TASK REQUIREMENTS —
Your answer should be the full data, transcribed exactly, with no pictures in it.

Start of GIVEN DATA

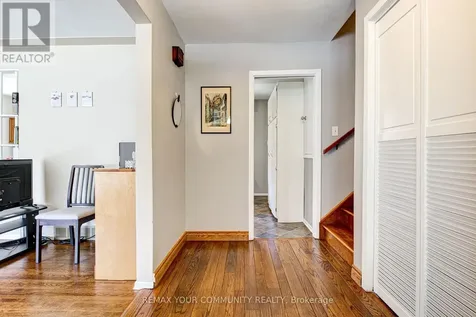 557 Glen Manor Boulevard Waterloo ON N2L 4T7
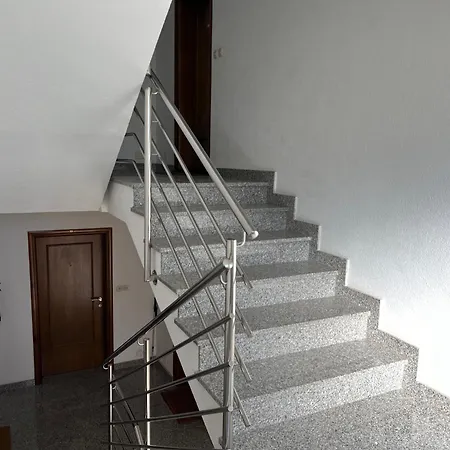 New And Modern Kala With Seaview, شقة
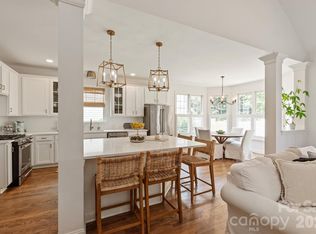 869 Stratford Run Dr, Fort Mill, SC 29708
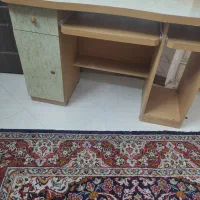 میز تحریر و کامپیوتر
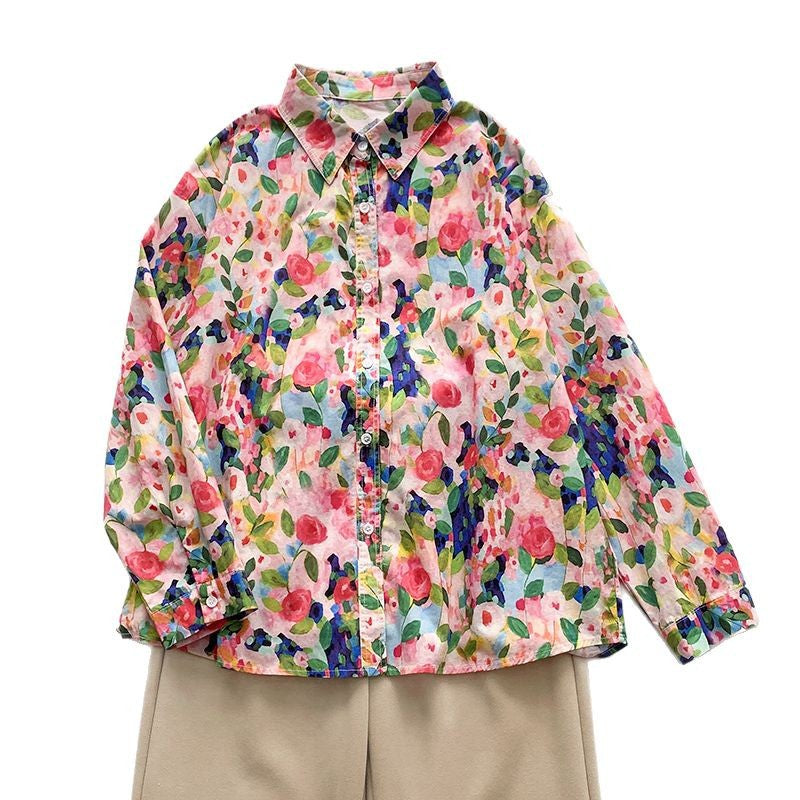 Sophisticated Blouse with a Clean Classic Look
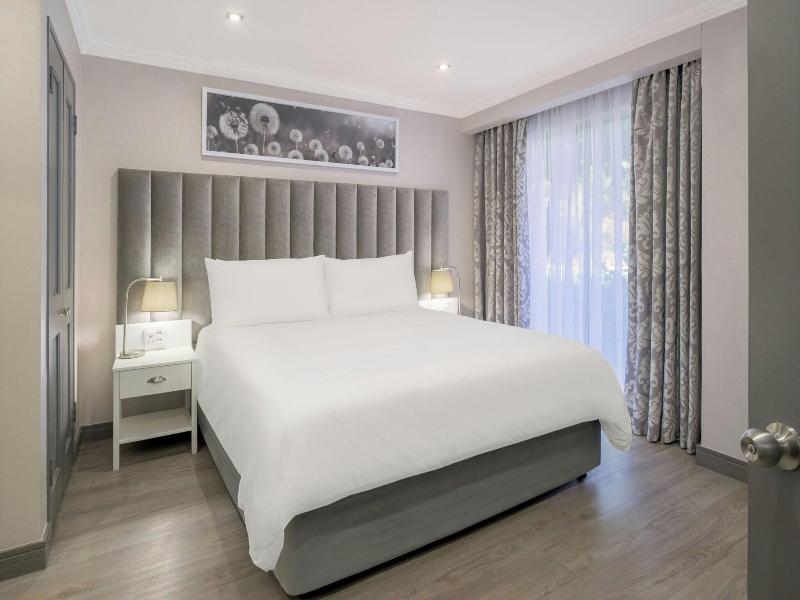 Protea Hotel Johannesburg Balalaika Sandton image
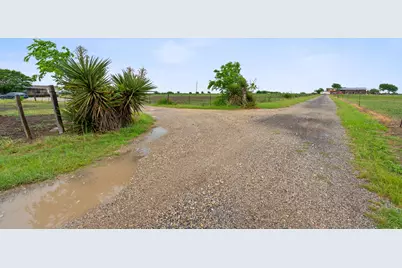 9338 E San Marcos Highway, Fentress, TX 78622 - Photo 35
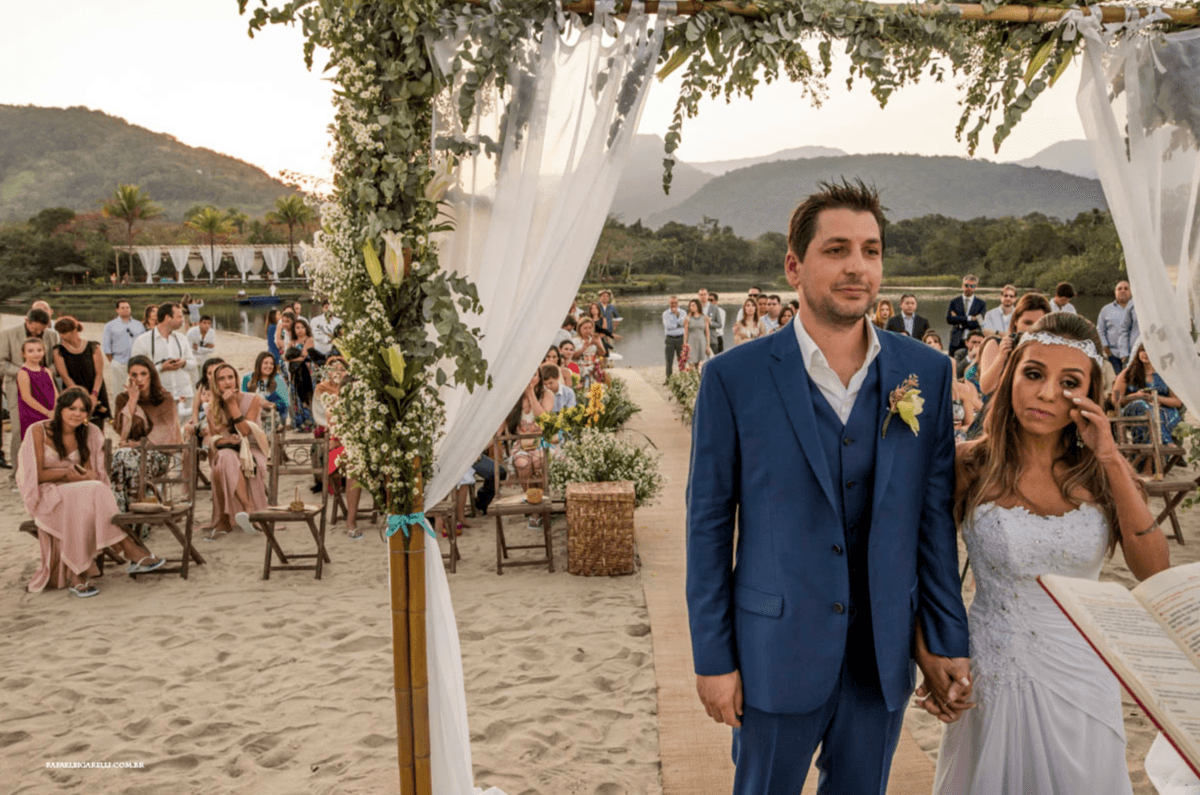 casamento na praia de itamambuca - litoral sp casamento pé na areia decoração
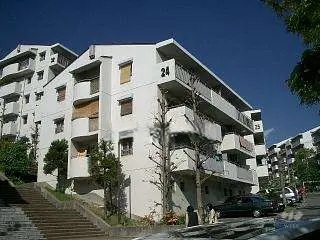 公団千里緑丘団地２４号棟 外観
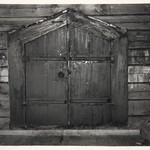 Покровская церковь, о. Кижи. Входной портал. Вид из сеней.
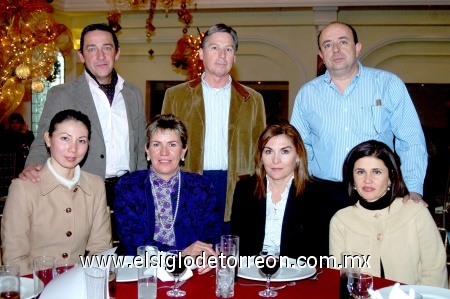 07122008
Akemi, Rodolfo, Malena, Guillermo, Maleni, Nena y Alberto.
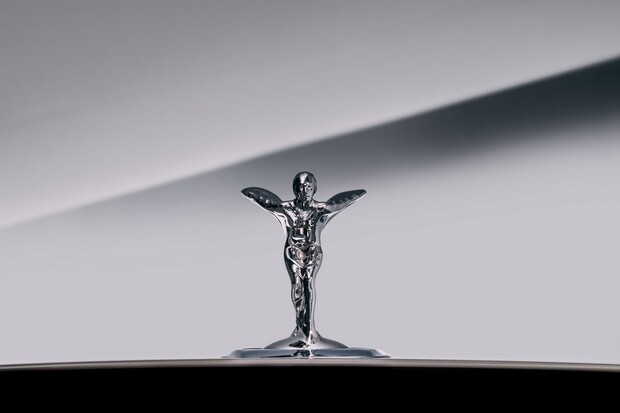 Rolls-Royce kvůli budoucímu elektromobilu přepracoval ikonickou sošku Spirit of Ecstasy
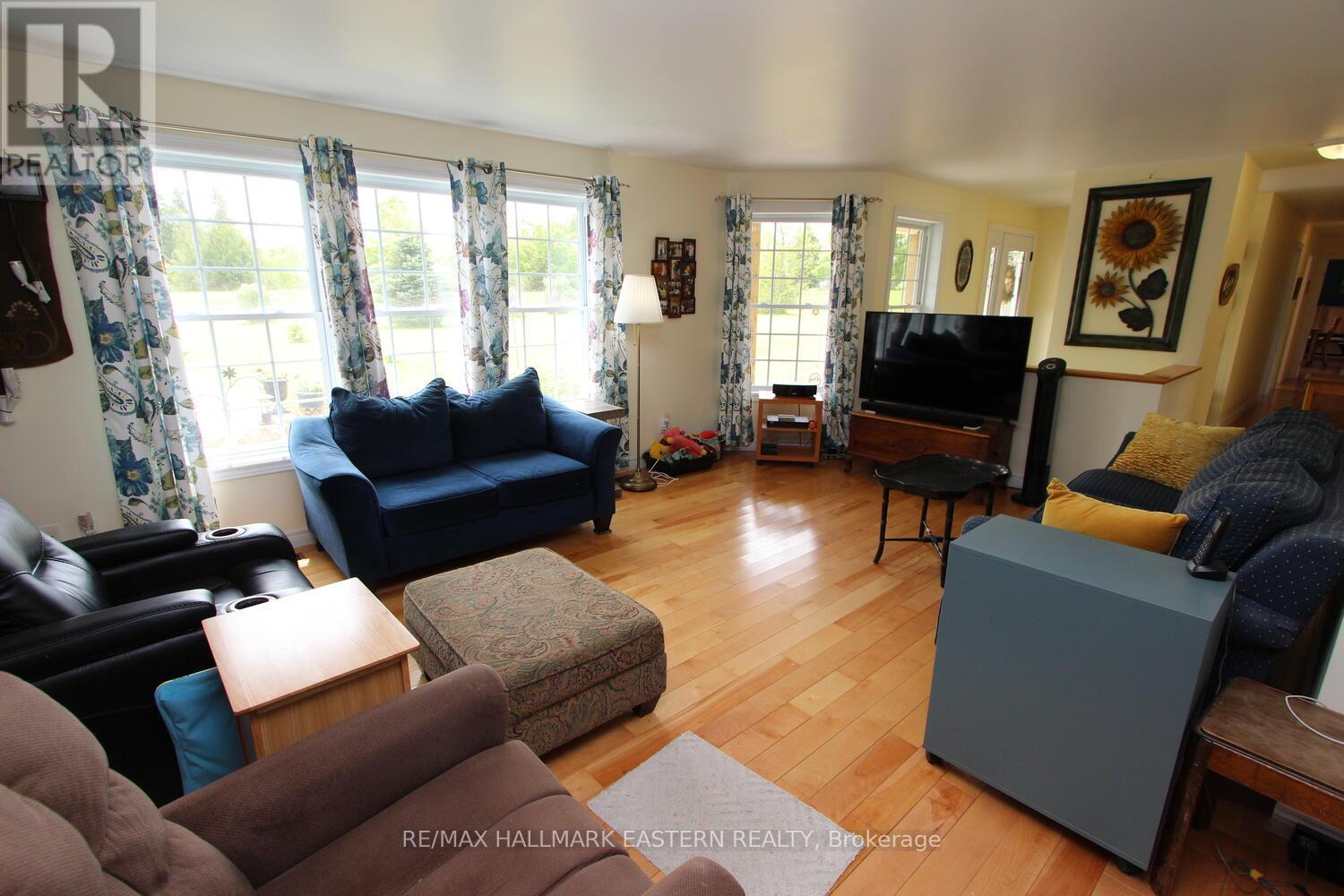 2018 North School Road, Havelock-Belmont-Methuen (Belmont-Methuen), Ontario  K0L 1Z0 - Photo 15 - X12198502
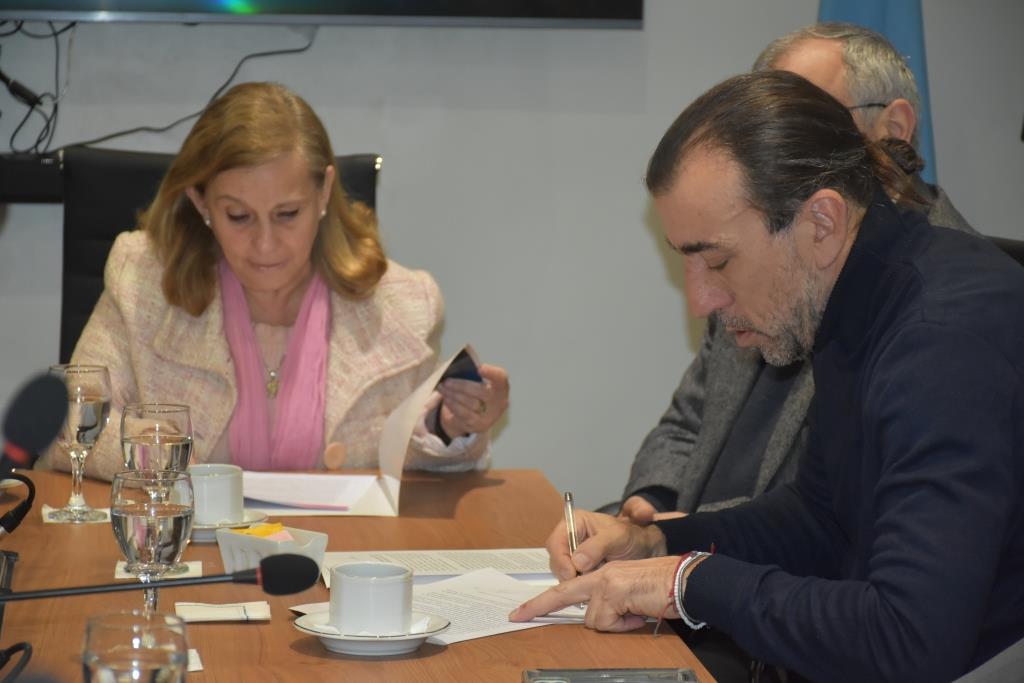 El proyecto de viviendas intergeneracionales ya tiene su convenio firmado y avanza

End of GIVEN DATA

EXERCISE RESULT —
 557 Glen Manor Boulevard Waterloo ON N2L 4T7
 New And Modern Kala With Seaview, شقة
 869 Stratford Run Dr, Fort Mill, SC 29708
 میز تحریر و کامپیوتر
 Sophisticated Blouse with a Clean Classic Look
 Protea Hotel Johannesburg Balalaika Sandton image
 9338 E San Marcos Highway, Fentress, TX 78622 - Photo 35
 casamento na praia de itamambuca - litoral sp casamento pé na areia decoração
 公団千里緑丘団地２４号棟 外観
 Покровская церковь, о. Кижи. Входной портал. Вид из сеней.
 07122008
Akemi, Rodolfo, Malena, Guillermo, Maleni, Nena y Alberto.
 Rolls-Royce kvůli budoucímu elektromobilu přepracoval ikonickou sošku Spirit of Ecstasy
 2018 North School Road, Havelock-Belmont-Methuen (Belmont-Methuen), Ontario  K0L 1Z0 - Photo 15 - X12198502
 El proyecto de viviendas intergeneracionales ya tiene su convenio firmado y avanza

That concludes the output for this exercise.